Even Lieutenant General William Wallace, commander of the US Army’s V Corp, is reported as saying, “The enemy we’re fighting is a bit different than the one we war-gamed against…” The problem, he said, was the paramilitary forces: “We knew they were here, but we didn’t know how they would fight.” Now there are loud complaints that they’re fighting dirty, and breaking the rules, and that having to be so careful not to kill too many civilians is just too hard, especially when you can’t easily tell who’s a civilian and who’s not. It wasn’t meant to be like this. It never is.
Others’ reality is hard to grasp, even when you’re in it. But it seems to be a little harder when you come from the greatest power on earth. And most of the fearsomely kitted out marines we see driving tanks through dust storms and running across streets (and sometimes lying dead) are barely out of their teens. I remember seeing a news item about US forces (an honest word, forces) in Somalia. (Remember Somalia? Hot, dusty, mostly black people, a lot of famines. Had some bad guys in charge who had to be taught a lesson.) It was Christmas, and the troops were just sitting down to their turkey dinners, when in came a triumphant soldier. He had managed to find what was almost certainly the last spindly tree for miles around, and he had cut it down and brought it back to be a Christmas tree.
For lucky audiences, protected from the noise and the smell and the mess, reality quickly gets boring. Already the media are reporting viewer “war weariness” and turn-off. Slowly the coverage is shrinking. While the war still looms large, the front pages of our dailies and the lead items on our television news are no longer exclusively devoted to it. I wonder how long it will be, newswise, before Iraq turns into another Afghanistan. How long is it since you saw any in-depth coverage – or any coverage at all – of what’s happening, or not happening, in Afghanistan?
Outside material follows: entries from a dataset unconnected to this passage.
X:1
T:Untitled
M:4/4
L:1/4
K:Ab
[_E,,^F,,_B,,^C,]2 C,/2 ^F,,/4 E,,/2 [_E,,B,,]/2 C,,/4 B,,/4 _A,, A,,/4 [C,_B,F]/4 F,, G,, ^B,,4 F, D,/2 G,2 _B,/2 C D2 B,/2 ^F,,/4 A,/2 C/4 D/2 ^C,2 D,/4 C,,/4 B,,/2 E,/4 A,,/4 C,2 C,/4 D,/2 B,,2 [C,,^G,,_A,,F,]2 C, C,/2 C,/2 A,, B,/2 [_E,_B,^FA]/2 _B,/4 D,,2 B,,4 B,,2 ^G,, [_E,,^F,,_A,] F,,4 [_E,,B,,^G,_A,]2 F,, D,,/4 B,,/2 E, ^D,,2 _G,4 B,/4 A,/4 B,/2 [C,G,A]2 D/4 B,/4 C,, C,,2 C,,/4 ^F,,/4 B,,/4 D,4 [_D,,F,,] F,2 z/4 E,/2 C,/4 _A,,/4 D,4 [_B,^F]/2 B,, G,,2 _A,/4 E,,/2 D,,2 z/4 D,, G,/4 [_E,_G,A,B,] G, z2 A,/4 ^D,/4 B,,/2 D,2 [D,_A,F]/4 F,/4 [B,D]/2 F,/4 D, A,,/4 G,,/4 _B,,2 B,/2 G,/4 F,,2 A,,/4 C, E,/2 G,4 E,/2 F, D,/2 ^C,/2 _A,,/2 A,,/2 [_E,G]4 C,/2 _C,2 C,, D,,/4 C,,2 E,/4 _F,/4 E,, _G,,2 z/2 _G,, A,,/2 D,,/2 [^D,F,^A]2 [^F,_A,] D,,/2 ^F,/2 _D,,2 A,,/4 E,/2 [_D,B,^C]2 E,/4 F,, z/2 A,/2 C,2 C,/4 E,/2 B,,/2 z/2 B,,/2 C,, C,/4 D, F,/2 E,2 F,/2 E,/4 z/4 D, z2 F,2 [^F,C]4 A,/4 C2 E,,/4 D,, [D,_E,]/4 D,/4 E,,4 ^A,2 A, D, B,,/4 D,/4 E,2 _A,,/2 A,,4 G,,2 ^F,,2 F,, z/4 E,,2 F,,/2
Unless something pretty spectacular is going on, broken buildings and people in the middle of deserts don’t make good footage. When the bombs stop falling and most of the forces come home, will Iraq cease to exist for most of us? This war is so public and so contested that it might be different this time. I hope so, because otherwise it seems horribly likely that more and more of the people who thought they were safe in the audience might suddenly find the war flaring up beneath their feet.